Massa nie chce, by w Malezji wyprzedzanie było zbyt łatwe

Brazylijczyk ponadto stwierdził, że Ferrari od GP Australii ciężko pracuje nad poprawą formy
05.04.1119:20
Grzegorz Filiks
2725wyświetlenia

Felipe Massa z ostrożnością podchodzi do perspektywy używania regulacji tylnego skrzydła podczas zbliżającego się wielkimi krokami Grand Prix Malezji. Zdaniem Brazylijczyka FIA powinna się poważnie zastanowić, który odcinek toru Sepang wybrać jako strefę docelową korzystania z systemu DRS w niedzielnych zawodach.

Obecnie przypuszcza się, że ciało zarządzające F1 - podobnie jak to było w przypadku australijskiego Albert Parku - wskaże do tego celu prostą startową toru, aczkolwiek możliwy jest również scenariusz pozwolenia kierowcom na zmienianie kąta nachylenia skrzydła podczas wyścigu wyłącznie na prostej przed ostatnim zakrętem obiektu w Kuala Lumpur, jako że jest ona dłuższa od tej przebiegającej przy alei serwisowej.

Zdaniem niektórych ostatecznie być może nawet zostanie podjęta decyzja o wykorzystaniu do tego celu obu wspomnianych odcinków, lecz Massa przestrzega, że takie posunięcie zaszkodziłoby widowisku, ponieważ wyprzedzanie po prostu stałoby się zbyt łatwe. Z ruchomym tylnym skrzydłem sytuacja będzie tutaj interesująca, jako że na ten moment planuje się umożliwienie używania w niedzielę DRS na głównej prostej, ale na Sepang to inna prosta jest najdłuższa - powiedział kierowca Ferrari.
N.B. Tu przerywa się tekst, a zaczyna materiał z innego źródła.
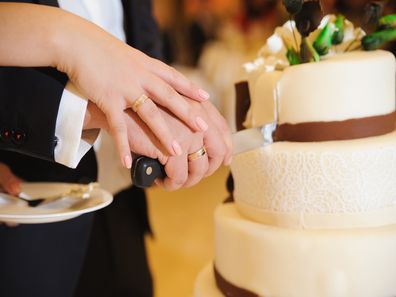 Cutting cake at wedding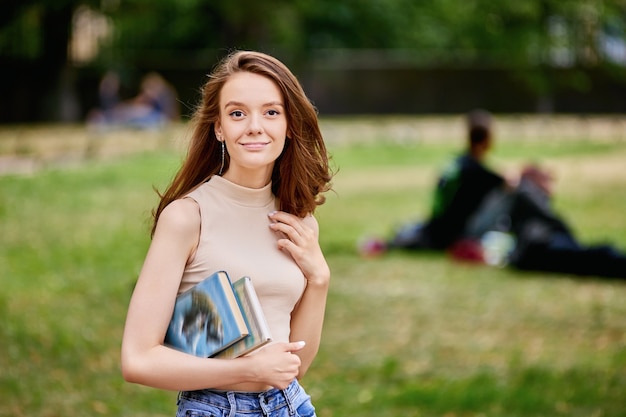 Happy graceful woman with books in hands outside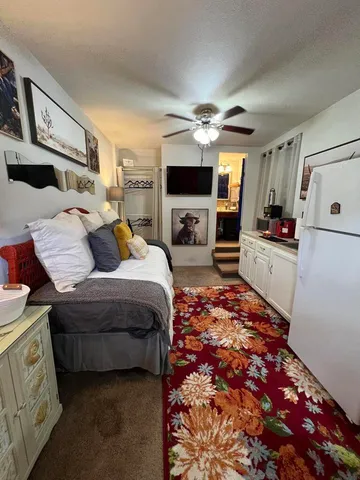 a view of living room with furniture and a window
Obiekt ten będzie także dawał większe szanse na wyprzedzanie. W związku z tym czekamy na finalną decyzję FIA, by dowiedzieć się, na którym odcinku będziemy korzystać z regulacji tylnego płatu, bądź czy zostaną do tego wybrane obie proste. Dobre posunięcie w tej sprawie może poprawić atrakcyjność zawodów zarówno dla jego uczestników, jak i widzów. Nie wydaje mi się, że zezwolenie używania DRS na obu prostych jest najlepszym rozwiązaniem, ponieważ według mnie to mogłoby uczynić wyprzedzanie zbyt łatwym.

Trzeba znaleźć odpowiednią równowagę pomiędzy zwiększaniem szans na wyprzedzanie, a doprowadzeniem do sytuacji, w której będziemy świadkami zbyt dużej ilości zamiany pozycji między kierowcami. Na Sepang dwie (najdłuższe) proste są ulokowane jedna za drugą, więc jeśli jesteś szybszy od bolidu przed tobą, to możesz nawet nie próbować manewru wyprzedzania na pierwszej z nich, by się bardziej zbliżyć do rywala i wykonać łatwiejsze zadanie na drugiej.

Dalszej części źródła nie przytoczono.